The EP opens with 1 minute 37 seconds of adulterated melodic hardcore joy. Nothing bursts out of the speakers, the track revolving around a series of muscular, soaring guitar parts which back vocalist Malte Unnasch’s Comeback Kid-like vocal approach. Never Sleep connects seamlessly with the opener with chugging fury and features gang vocals aplenty. The band don’t particularly take an original approach here, treading the same lines as band’s like The Story So Far, but it’s the sheer force of delivery both from Unnasch and the rest of the band that make them such an irresistible prospect.
The production locks everything in tightly with snappy drums underpinning both the rhythmic and melodic elements well. These elements shine bright on the faster tracks such as Hollow which begins with classic hardcore vehemence before shifting into half-time grooves with minimum effort. Even on the slower moments such as the stomping Snake Hips the band still don’t let up despite offering some beautiful guitar lines ala early Alexisonfire, giving the EP a little room to breathe before kicking into the next belter.
The third EP for the German crew is easily a defining moment in their short career. It pulses with vibrancy and despite this essentially being a modern hardcore record, the songs on offer are just so darn catchy that there is a good chance of seeing them supporting some of the scene leaders in the coming year. Although The Times You Cross My Mind will be many listeners first time hearing Earl Grey, the band are unquestionably worth every second of your time.

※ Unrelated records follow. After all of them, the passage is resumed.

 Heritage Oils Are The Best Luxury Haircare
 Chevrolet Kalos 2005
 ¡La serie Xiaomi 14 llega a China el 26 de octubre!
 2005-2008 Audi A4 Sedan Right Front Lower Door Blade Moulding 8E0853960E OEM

The Times You Cross My Mind is released on the 16th July.
Jack The Envious are a London quartet formed, interestingly enough, during core members Nir Perlman and Guy Avnon’s respective military service. After recruiting bassist Guy Checkarov, the band set out to combine their experiences in the forces and band life, distilling it down to produce debut EP Pull You Down. Since the EP’s release, it would seem the band have sought to push themselves, combining punk stylings and a post-hardcore rush for maximum impact. With a string of successful local shows, the band is all set to release their sophomore EP In Your Own Way.
Straight off the bat, the band embrace a dark atmosphere with pulsing synths and music box sounds ascending before they kick in with Shut It Off. It’s a fine start to the EP with a tectonic opening riff, coming across with the same snarling energy that My Chemical Romance embraced on their first couple of records. Single Begging For More starts with choppy acoustics before the songs signature riff makes way for a hooky chorus, vocalist Perlman sounding like a hybrid of The Used’s Bert McCracken and The Movielife’s Vinnie Caruana.
The mix on the EP is strong, the guitars sitting well and creating memorable, anthemic parts and also huge backdrops for Perlman’s snarling vocal jabs. This is demonstrated no better than on the thunderous Guilty which comes complete with a stomping breakdown section and Letlive-esque spoken word part which helps set the song apart from formulaic hardcore structure.
The album closes things off with Never Look Down which is possibly the strongest offering here. The track builds from its ethereal intro and goes onto incorporate the best parts of the record, including huge reverberant guitar lines, gutsy vocals and another huge chorus. As only the second offering from Jack The Envious, In Your Own Way makes it clear that the band are determined to prove themselves as unique commodity of the British music scene. They stand to make their mark with this dynamic and energetic EP.